The Federal Inland Revenue Service (FIRS) has announced a deeper collaboration with the Economic and Financial Crimes Commission (EFCC) as part of renewed efforts to strengthen Nigeria’s tax compliance framework and safeguard public revenue.

The FIRS Chairman, Dr. Zacch Adedeji, disclosed this on Tuesday during a courtesy visit to the EFCC headquarters in Abuja.

The visit comes as Nigeria prepares to implement newly signed Tax Acts that will transform the FIRS into the Nigerian Revenue Service, effective January 2026.

Adedeji explained that the partnership with EFCC is crucial for building a culture of voluntary tax compliance while also ensuring deterrence against tax evasion.



According to Adedeji, pursuing individual taxpayers across the country would be impractical without systemic enforcement structures.

He stressed the importance of inter-agency cooperation, noting that the EFCC’s enforcement authority would provide a strong deterrent.

“We cannot pursue 200 million Nigerians individually to do the right thing, but we want to put a system in place that will aid compliance,” Adedeji said.

“You can help us by letting people know that when they violate the law, there is a place you can keep them.

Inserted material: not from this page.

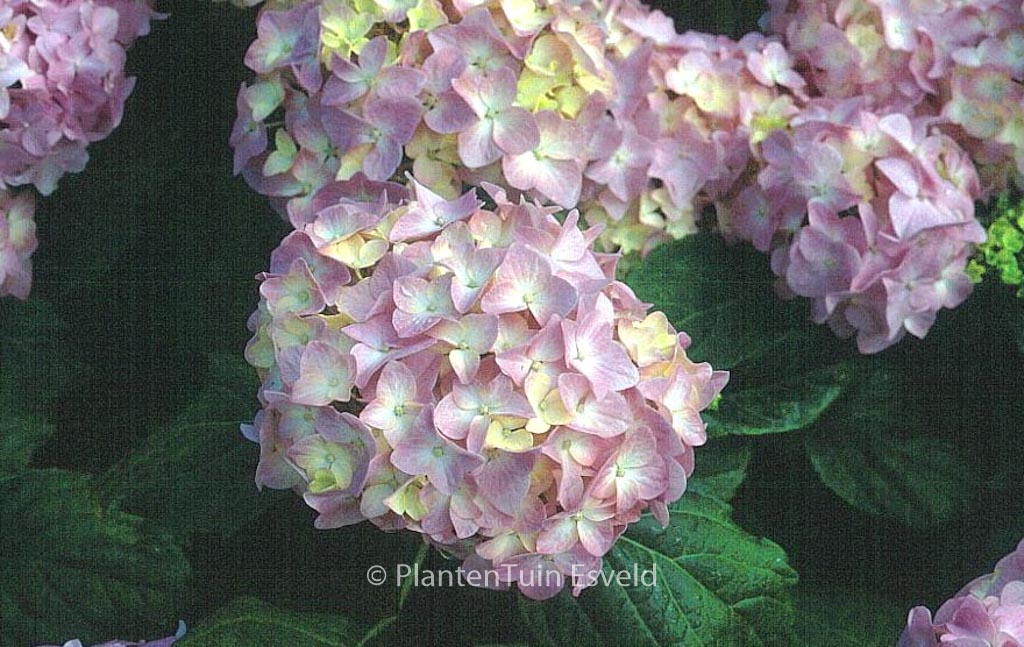 Hydrangea macrophylla ‘La France’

On behalf of the President and Nigerians, we thank you for your support and seek even deeper cooperation.”

He added that citizens would only embrace compliance when they saw tangible improvements funded by taxes.

“The main advertisement of voluntary compliance is when people begin to see what we use the money we collect for,” he noted, while urging the EFCC to also support the FIRS Department of Fraud Risk, Assessment and Control to ensure value for money.



The collaboration between the two agencies builds on Nigeria’s recent success in meeting its 2025 revenue target earlier than expected.

President Bola Tinubu had disclosed last week that the government collected about N20 trillion in revenue by August, with the bulk generated from non-oil sources.

Adedeji credited this achievement to preventive strategies and inter-agency partnerships.

“This was a collective effort, not one by FIRS alone,” he said.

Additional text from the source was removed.